Overview
Task C filters CircleNet pages to find all users with a specific hobby (e.g., “PodcastBinging”).
TaskCSimple
Package: circlenet.taskC
Class: TaskCSimple
Source: src/main/java/circlenet/taskC/TaskCSimple.java
Main Method
public static void main(String[] args) throws Exception
Command-Line Arguments
Input path to the CircleNet Pages CSV file
Target hobby to filter (e.g., “PodcastBinging”)
Mapper: MapperC
Filters pages by hobby using case-insensitive comparison. The target hobby is configured via setup().
public static class MapperC extends Mapper<LongWritable, Text, Text, Text> {
private String targetHobby;
private final Text outKey = new Text();
private final Text outVal = new Text();
@Override
protected void setup(Context context) {
targetHobby = context.getConfiguration().get("task.c.hobby", "").trim();
}
@Override
protected void map(LongWritable key, Text value, Context context)
throws IOException, InterruptedException {
String[] f = CsvUtils.split(value.toString());
if (f.length >= 5 && f[4].trim().equalsIgnoreCase(targetHobby)) {
outKey.set(f[1].trim());
outVal.set(f[2].trim());
context.write(outKey, outVal);
}
}
}
Reducer: PassReducer
Pass-through reducer that outputs all filtered results.
public static class PassReducer extends Reducer<Text, Text, Text, Text> {
@Override
protected void reduce(Text key, Iterable<Text> values, Context context)

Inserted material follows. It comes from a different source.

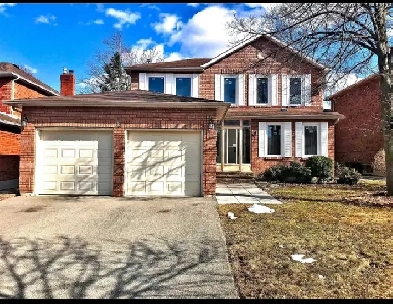 HUGE DETACHED HOUSE FOR RENT IN BRAMPTON Image# 1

throws IOException, InterruptedException {
for (Text v : values) {
context.write(key, v);
}
}
}
Configuration
The target hobby is passed via Hadoop configuration:
Configuration conf = new Configuration();
conf.set("task.c.hobby", args[2]);
Example Usage
hadoop jar $JAR circlenet.taskC.TaskCSimple $PAGES $OUT/taskC/simple PodcastBinging
Notes
- An optimized version was implemented but showed no performance gain
- The simple version is recommended for production use